* [WHAT THE EXERCISE ASKS]
Could you print exactly the lines of the listing below, starting at the line that has "Katlanabilir Kamp Lambası" and ending at the line that has "YOYO3 Full Stroller", and only those lines?

(EXERCISE DATA Opens)

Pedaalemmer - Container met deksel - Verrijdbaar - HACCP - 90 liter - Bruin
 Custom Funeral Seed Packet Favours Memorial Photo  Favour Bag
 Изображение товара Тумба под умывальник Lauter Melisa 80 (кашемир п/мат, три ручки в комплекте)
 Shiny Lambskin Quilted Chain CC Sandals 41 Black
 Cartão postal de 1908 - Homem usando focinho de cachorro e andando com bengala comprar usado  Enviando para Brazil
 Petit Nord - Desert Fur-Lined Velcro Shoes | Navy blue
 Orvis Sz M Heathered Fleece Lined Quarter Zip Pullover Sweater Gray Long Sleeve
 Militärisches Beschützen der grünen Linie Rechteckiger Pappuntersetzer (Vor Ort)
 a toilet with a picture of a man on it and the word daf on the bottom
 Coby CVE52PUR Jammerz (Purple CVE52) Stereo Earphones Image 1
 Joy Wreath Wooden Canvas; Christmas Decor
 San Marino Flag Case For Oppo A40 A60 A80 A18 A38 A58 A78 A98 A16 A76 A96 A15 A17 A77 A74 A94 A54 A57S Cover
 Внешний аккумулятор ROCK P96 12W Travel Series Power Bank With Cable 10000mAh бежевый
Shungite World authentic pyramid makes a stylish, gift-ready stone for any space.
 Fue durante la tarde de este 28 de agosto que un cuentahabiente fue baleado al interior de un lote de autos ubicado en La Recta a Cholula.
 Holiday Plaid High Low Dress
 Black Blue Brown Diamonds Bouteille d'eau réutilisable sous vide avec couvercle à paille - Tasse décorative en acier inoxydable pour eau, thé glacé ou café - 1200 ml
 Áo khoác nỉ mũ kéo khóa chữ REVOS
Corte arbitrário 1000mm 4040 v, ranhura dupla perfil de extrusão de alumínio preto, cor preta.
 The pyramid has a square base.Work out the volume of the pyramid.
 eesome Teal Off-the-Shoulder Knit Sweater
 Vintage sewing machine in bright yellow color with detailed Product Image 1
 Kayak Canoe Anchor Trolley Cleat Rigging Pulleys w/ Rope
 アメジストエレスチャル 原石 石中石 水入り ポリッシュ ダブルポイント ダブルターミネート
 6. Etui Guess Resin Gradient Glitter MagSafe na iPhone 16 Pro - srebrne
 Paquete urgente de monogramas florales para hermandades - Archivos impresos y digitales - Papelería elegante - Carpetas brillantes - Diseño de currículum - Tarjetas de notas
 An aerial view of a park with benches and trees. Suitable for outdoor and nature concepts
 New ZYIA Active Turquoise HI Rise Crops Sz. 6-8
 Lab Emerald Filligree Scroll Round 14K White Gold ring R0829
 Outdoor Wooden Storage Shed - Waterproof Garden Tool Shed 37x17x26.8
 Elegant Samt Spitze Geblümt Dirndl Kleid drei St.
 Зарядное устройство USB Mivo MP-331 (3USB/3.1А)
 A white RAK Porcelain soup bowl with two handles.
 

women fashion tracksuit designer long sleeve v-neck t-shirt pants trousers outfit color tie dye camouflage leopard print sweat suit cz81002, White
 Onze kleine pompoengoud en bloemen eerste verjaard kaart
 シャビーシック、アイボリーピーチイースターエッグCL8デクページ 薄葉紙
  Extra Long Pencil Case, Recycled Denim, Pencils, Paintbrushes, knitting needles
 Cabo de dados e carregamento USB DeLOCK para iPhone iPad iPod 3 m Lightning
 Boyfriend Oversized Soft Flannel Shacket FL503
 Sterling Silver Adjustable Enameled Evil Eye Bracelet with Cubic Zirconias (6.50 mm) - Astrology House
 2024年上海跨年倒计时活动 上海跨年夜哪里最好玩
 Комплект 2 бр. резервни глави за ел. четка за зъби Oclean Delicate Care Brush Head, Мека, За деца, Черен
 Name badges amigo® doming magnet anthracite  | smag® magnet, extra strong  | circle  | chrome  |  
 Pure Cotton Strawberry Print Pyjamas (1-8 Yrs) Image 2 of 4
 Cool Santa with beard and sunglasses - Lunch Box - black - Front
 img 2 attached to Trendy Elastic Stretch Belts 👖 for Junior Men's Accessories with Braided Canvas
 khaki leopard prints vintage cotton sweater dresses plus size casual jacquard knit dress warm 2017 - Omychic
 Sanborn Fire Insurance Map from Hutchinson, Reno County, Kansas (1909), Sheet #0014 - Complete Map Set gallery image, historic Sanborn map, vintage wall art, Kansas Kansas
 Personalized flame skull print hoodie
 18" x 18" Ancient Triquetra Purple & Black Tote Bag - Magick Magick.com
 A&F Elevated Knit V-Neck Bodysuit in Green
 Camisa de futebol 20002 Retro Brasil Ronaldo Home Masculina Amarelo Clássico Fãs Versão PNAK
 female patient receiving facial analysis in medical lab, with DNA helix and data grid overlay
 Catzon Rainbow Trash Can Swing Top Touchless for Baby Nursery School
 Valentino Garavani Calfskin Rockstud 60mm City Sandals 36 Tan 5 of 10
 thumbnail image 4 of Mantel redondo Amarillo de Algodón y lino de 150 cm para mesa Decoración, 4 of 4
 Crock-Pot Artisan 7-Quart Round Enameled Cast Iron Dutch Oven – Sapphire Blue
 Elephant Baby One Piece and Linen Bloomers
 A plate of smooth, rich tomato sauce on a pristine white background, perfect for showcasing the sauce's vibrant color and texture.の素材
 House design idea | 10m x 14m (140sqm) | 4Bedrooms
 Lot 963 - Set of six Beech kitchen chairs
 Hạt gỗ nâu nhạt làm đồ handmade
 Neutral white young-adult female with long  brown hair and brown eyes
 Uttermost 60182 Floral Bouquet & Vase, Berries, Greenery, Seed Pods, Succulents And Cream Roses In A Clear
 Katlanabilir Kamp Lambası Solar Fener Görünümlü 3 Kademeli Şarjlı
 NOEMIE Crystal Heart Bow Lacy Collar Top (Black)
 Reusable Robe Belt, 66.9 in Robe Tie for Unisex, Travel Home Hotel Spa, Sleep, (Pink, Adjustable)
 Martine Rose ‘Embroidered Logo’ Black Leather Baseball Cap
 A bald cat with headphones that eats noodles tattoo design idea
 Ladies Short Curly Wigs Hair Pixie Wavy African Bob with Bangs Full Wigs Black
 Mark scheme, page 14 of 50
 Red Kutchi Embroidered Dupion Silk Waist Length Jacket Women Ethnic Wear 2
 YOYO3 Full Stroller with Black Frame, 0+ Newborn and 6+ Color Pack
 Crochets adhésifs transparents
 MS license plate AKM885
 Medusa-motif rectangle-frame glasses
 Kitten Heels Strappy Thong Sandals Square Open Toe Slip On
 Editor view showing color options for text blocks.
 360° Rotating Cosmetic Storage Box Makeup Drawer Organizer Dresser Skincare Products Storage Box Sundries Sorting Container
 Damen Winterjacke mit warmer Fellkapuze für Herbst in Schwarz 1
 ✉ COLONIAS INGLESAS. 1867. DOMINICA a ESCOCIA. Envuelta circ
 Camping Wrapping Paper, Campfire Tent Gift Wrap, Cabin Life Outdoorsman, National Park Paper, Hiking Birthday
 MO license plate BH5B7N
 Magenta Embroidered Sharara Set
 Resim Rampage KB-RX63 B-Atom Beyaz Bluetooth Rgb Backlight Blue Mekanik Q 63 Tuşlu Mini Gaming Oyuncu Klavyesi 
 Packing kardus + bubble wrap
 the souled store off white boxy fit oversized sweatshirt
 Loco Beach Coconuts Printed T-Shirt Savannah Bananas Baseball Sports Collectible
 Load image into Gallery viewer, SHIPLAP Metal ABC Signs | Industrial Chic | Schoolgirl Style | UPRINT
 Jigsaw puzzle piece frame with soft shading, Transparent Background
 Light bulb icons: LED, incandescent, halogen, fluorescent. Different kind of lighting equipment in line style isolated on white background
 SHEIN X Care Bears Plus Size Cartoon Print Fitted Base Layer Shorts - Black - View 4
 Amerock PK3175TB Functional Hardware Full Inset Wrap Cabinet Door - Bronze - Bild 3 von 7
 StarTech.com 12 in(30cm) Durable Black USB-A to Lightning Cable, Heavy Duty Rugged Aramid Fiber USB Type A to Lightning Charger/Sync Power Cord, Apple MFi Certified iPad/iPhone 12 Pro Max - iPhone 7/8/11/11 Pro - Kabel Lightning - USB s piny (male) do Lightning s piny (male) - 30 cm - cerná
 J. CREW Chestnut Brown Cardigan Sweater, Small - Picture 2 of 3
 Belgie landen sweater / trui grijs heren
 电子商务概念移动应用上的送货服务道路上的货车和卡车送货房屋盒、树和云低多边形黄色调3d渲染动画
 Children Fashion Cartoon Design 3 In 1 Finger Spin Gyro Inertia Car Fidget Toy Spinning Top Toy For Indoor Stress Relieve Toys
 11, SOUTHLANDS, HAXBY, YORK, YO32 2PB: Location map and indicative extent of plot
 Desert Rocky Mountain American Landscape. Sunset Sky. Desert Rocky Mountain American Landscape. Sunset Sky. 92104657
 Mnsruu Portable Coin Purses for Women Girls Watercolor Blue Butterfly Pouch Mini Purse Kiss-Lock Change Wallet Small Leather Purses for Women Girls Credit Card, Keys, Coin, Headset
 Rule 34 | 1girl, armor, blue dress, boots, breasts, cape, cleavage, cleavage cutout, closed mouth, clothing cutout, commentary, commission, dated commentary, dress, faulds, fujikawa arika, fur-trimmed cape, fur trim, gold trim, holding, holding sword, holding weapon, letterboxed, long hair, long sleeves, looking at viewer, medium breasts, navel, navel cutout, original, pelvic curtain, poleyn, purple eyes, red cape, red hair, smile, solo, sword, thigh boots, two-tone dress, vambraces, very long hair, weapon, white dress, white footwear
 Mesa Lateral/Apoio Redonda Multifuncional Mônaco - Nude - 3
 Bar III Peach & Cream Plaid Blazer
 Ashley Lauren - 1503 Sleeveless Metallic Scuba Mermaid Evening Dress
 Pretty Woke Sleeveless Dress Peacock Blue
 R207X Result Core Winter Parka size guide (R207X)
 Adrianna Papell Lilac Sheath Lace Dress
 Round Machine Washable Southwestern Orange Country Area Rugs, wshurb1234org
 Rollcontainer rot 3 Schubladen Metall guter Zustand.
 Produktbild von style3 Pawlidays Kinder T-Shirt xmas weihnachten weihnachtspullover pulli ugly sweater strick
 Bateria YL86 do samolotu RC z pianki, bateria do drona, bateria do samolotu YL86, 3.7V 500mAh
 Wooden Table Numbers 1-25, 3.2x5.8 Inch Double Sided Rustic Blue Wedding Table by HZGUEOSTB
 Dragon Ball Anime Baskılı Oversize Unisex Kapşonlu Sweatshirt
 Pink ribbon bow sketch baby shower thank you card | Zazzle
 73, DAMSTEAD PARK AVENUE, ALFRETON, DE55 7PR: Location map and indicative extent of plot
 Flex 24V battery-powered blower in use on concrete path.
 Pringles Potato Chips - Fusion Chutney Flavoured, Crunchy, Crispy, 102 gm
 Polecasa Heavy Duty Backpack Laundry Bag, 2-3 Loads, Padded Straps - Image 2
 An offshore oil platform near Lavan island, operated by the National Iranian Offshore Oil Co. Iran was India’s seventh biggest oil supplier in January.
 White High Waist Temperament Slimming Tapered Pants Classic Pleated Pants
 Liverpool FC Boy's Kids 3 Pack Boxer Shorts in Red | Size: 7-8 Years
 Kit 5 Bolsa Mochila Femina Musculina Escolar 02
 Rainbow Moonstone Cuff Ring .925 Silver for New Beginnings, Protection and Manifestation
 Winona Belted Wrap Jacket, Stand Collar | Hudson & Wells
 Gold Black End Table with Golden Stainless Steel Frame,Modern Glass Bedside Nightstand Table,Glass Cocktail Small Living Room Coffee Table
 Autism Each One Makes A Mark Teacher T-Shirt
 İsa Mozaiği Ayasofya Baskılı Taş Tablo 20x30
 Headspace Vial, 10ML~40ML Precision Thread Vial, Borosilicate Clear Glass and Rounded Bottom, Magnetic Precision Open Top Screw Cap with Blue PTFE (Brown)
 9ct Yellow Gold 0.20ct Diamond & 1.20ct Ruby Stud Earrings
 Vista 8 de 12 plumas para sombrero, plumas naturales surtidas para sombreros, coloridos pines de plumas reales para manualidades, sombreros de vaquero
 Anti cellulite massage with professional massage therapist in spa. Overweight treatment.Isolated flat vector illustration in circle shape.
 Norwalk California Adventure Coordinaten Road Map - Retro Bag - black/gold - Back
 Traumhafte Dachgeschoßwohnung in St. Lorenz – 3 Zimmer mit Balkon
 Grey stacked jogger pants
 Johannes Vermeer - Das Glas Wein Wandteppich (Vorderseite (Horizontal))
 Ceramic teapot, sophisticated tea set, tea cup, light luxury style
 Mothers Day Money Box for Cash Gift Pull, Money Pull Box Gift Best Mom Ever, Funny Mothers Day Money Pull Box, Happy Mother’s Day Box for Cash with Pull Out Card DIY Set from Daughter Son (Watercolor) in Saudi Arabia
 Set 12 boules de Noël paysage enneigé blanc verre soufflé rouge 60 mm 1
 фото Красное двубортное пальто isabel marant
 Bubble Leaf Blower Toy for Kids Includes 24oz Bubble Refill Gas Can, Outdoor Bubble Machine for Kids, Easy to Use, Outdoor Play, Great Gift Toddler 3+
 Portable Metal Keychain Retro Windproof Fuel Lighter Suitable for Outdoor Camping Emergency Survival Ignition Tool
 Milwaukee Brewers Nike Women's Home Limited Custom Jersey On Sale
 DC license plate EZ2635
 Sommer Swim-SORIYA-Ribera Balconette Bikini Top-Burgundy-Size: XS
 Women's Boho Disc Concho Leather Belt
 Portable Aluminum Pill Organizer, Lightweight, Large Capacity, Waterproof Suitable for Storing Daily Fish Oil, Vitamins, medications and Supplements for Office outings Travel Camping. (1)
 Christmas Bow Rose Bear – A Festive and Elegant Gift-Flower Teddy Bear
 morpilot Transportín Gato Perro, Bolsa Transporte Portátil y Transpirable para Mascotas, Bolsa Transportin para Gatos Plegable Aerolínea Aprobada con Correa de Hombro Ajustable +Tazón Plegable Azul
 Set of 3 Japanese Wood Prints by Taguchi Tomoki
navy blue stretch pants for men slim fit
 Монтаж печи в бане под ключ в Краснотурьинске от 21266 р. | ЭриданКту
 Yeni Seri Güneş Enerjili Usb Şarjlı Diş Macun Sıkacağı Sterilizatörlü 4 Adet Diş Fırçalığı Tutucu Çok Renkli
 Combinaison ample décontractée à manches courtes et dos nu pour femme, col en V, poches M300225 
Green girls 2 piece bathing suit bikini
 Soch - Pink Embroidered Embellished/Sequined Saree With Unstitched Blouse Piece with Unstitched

(EXERCISE DATA Closes)

* [REPLY]
 Katlanabilir Kamp Lambası Solar Fener Görünümlü 3 Kademeli Şarjlı
 NOEMIE Crystal Heart Bow Lacy Collar Top (Black)
 Reusable Robe Belt, 66.9 in Robe Tie for Unisex, Travel Home Hotel Spa, Sleep, (Pink, Adjustable)
 Martine Rose ‘Embroidered Logo’ Black Leather Baseball Cap
 A bald cat with headphones that eats noodles tattoo design idea
 Ladies Short Curly Wigs Hair Pixie Wavy African Bob with Bangs Full Wigs Black
 Mark scheme, page 14 of 50
 Red Kutchi Embroidered Dupion Silk Waist Length Jacket Women Ethnic Wear 2
 YOYO3 Full Stroller with Black Frame, 0+ Newborn and 6+ Color Pack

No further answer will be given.